What are the so-called phantom real estate investment deals?

As more and more investors return to the market, they will bid on properties against more experienced investors. This bidding, especially on new REOs (bank owned properties) can get fierce. Once an investor understands the Ghost Offers strategies, he will be able to use them to his advantage just like the professionals.

The term phantom deals was probably originated by a disgruntled real estate agent who became upset with local investors who would bid on properties, get a contract, and then not close when the time came. Often these investors would cancel the contract under its inspection period clause.

For the investor, this was a good strategy because they did not take any market risk to resell the property nor did they have to raise the money to close. So he was never exposed to any market risk. This is a powerful investment strategy, but for realtors, it’s Kryptonite for Superman. Somewhere in the heat of the day-to-day battle, a real estate broker probably said that investors are like ghosts when it comes to closing properties: sometimes you can see them, sometimes you can’t.

In our area, a group of wholesalers use what I call phantom deals to their maximum advantage. It should always be remembered that buying property is the last thing a wholesaler wants to do. I would much rather put the property under contract and sell it to an ultimate buyer who will actually put up the money at closing to buy it. The investor then makes the “spread” or profit on the deal.
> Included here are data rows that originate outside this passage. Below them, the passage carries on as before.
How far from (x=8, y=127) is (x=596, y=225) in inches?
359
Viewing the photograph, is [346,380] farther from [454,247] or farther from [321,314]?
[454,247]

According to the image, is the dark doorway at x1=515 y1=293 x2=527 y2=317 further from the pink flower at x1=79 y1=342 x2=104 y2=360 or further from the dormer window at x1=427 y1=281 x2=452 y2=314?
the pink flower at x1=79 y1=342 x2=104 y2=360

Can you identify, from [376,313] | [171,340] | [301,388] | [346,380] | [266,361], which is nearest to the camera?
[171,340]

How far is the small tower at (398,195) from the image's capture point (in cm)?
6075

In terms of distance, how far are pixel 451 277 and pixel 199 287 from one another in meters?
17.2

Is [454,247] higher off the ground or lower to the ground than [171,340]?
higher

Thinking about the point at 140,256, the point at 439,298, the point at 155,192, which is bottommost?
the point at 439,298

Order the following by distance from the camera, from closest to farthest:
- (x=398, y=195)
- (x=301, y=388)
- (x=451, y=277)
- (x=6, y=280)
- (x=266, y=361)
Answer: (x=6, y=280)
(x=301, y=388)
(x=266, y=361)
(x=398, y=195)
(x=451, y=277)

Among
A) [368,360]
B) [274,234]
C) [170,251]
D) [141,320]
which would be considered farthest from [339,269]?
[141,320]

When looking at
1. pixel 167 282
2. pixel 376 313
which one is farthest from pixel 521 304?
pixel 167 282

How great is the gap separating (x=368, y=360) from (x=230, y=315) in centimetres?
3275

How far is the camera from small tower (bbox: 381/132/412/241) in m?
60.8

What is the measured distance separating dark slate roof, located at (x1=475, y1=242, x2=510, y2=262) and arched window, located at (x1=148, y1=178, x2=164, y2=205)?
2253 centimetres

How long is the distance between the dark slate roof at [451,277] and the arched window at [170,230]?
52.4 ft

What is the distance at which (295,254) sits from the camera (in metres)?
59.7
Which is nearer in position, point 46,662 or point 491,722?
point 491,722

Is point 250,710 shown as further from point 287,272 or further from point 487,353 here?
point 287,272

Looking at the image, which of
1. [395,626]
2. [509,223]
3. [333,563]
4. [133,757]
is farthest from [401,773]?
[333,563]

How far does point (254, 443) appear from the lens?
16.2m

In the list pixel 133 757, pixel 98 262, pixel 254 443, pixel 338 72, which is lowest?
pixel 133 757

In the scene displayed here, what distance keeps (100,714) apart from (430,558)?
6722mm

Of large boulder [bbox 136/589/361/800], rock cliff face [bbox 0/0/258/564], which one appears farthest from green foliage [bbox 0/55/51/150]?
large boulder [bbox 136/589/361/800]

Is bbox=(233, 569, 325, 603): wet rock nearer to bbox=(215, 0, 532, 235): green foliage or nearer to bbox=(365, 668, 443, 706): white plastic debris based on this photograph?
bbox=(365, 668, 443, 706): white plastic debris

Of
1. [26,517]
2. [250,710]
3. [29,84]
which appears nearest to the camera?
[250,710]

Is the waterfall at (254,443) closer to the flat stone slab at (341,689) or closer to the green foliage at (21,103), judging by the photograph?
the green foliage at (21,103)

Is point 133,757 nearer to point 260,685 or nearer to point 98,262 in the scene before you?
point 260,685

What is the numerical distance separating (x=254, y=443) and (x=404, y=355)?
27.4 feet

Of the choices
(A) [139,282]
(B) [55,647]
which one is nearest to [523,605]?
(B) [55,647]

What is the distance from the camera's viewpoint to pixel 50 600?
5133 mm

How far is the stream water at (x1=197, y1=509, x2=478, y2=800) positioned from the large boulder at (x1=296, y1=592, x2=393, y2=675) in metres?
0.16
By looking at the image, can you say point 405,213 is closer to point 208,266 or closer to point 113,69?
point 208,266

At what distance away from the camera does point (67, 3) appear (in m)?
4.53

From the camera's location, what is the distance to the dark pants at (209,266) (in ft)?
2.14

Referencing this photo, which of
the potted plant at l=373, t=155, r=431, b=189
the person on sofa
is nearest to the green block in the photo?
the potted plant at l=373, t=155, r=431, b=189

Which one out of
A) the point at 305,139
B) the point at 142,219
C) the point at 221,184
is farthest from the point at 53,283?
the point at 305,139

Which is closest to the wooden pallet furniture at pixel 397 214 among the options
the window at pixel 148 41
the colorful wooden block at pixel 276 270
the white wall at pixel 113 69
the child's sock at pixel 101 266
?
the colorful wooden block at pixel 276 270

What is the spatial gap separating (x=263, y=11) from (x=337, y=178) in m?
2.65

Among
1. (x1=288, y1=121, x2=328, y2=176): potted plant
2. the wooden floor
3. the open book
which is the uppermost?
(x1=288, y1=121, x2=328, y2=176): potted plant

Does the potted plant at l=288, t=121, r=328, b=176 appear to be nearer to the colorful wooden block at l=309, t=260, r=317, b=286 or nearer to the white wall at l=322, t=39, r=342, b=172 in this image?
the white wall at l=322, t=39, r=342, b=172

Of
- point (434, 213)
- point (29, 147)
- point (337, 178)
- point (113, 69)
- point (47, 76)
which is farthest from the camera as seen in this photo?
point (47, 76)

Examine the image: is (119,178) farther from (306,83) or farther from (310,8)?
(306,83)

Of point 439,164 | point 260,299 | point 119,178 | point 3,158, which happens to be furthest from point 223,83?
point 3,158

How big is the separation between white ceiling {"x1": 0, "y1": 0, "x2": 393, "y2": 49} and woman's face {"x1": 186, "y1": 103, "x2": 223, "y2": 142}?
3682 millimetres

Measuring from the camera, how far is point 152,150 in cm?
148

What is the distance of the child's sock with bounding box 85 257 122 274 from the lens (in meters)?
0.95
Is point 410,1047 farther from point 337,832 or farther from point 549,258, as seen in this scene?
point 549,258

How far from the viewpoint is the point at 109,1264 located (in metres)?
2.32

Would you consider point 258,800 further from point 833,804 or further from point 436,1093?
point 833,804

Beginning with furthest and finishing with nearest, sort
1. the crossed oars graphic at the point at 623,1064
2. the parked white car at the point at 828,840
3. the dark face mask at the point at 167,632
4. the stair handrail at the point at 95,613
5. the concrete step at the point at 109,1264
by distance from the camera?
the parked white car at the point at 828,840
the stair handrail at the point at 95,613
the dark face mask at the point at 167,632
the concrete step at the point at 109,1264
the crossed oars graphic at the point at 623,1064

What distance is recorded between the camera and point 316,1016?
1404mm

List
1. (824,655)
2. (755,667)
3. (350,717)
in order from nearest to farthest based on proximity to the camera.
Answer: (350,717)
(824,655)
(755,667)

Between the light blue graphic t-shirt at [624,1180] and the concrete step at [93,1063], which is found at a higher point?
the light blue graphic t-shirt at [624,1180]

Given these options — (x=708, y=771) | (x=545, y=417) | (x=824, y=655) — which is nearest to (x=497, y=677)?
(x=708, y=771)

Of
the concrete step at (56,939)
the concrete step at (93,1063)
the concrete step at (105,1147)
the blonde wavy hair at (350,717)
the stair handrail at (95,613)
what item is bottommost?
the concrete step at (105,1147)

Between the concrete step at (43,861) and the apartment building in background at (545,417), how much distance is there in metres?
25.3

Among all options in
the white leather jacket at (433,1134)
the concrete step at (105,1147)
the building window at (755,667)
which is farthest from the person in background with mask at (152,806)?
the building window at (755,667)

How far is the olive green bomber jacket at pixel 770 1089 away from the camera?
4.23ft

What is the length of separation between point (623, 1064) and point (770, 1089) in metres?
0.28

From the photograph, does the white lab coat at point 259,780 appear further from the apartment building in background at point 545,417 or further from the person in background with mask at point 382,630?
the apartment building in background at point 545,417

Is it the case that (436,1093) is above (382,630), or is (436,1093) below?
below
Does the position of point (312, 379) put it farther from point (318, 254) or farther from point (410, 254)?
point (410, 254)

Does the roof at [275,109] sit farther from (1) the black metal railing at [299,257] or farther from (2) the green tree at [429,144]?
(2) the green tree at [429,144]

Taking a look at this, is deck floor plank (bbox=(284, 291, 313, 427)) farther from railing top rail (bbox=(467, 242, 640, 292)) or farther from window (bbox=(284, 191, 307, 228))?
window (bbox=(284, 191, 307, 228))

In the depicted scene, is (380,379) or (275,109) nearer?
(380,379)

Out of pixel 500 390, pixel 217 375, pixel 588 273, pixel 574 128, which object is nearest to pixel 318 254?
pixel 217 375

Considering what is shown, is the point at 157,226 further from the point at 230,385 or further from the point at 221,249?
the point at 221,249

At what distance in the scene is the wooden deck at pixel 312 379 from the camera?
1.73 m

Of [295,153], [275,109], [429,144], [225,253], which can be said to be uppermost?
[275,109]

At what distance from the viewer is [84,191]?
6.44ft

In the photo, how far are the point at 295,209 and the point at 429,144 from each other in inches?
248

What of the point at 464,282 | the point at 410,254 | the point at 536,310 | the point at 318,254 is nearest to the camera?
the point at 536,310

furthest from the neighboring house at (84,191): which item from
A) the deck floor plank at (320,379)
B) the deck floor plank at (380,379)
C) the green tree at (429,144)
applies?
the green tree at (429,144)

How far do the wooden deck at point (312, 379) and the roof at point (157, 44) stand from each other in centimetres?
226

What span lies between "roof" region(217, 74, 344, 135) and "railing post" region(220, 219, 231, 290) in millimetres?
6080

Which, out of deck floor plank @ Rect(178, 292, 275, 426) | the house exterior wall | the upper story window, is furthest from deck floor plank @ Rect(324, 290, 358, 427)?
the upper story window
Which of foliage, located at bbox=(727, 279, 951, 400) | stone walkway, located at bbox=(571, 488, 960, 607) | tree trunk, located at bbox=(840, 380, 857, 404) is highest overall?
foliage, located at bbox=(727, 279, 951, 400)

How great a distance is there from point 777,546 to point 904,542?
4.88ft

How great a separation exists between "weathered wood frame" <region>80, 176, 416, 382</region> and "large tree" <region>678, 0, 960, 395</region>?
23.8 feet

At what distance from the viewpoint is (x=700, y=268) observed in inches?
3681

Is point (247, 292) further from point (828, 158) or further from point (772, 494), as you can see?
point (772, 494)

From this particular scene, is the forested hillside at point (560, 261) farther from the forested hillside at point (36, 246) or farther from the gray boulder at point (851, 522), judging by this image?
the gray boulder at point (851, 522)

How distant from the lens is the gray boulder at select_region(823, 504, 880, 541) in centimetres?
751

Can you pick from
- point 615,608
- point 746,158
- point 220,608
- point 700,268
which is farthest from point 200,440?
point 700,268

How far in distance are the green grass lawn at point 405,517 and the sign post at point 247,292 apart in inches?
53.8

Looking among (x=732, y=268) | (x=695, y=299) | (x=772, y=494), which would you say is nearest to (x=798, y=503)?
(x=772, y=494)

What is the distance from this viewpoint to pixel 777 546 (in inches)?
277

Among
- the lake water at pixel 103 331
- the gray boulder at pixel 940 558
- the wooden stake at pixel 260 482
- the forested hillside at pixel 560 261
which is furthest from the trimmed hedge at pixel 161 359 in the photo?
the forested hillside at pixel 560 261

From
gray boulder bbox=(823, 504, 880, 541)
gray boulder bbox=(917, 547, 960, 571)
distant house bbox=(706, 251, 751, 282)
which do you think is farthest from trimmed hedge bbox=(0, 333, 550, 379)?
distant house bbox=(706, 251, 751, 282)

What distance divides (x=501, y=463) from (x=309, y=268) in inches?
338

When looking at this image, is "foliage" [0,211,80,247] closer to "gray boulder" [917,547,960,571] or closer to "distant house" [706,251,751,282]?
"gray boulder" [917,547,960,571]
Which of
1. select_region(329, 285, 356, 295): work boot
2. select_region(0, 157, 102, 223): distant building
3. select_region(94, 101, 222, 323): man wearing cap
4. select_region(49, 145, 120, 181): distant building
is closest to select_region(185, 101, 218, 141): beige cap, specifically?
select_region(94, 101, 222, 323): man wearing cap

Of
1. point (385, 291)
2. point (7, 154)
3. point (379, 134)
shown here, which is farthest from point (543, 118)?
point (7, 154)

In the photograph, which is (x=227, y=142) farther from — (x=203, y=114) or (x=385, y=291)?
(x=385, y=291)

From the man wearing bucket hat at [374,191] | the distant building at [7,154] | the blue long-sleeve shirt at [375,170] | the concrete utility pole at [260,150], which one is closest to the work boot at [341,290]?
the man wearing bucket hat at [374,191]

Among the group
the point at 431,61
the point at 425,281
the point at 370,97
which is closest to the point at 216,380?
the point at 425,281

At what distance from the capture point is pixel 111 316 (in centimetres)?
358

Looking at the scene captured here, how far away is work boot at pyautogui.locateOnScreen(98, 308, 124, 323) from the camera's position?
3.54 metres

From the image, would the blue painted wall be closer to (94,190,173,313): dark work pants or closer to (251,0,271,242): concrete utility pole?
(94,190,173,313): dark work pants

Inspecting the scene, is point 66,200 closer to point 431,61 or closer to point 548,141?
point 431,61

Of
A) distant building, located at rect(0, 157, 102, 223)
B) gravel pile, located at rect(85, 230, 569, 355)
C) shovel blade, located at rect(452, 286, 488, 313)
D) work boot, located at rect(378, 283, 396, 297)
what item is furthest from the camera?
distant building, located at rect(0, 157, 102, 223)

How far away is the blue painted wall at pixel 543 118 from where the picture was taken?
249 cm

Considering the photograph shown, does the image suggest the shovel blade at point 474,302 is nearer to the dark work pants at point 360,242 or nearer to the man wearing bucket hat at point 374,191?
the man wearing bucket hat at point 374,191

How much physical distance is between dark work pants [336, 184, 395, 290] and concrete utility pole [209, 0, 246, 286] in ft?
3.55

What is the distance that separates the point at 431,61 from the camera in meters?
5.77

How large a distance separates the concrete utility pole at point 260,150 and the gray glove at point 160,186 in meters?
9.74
This can be done in a number of ways, the two most popular ways being by using an assignment of the contract from the wholesaler to the ultimate purchaser, and secondly by transferring the beneficial interest from a land trust to the actual purchaser of the property. There are actually 17 ways to do real estate transactions with little or no money needed from the investor.

Local wholesalers have taken ghost bidding to a new level similar to what happens at courthouse auctions. When an REO property is first offered for sale, the group releases 6-8 different offers that essentially surround the sale price of the property. From the rejected bids, the group can learn at what price the property is likely to be put under contract.

Since they have no intention of buying the property, their offers may be totally foolish. An absolutely dumb offer is usually higher than the initial listing price. The listing agent is misled into thinking that there is great interest in the property. If one of the group gets the property under contract, the whole group markets it on their email list and sometimes they sell it.

However, if the investor who got the contract is not in your group, this “outsider” got it by bidding against phantom bids and ends up overpaying for the property. This technique has been used by major players in the field of foreclosure auctions since public auctions began hundreds of years ago.

In short, if you hear the term phantom offer, consider the source because it’s bad news for realtors and worse news for inexperienced investors trying to get their hands on newly listed REOs. The people who fall victim to this tactic the most are rehabbers who tend to overpay for properties because they think they can create equity in the property by fixing it up. This is true up to a point of diminishing returns where the maximum price they can get is hampered by conventional lenders and appraisals by joint appraisers.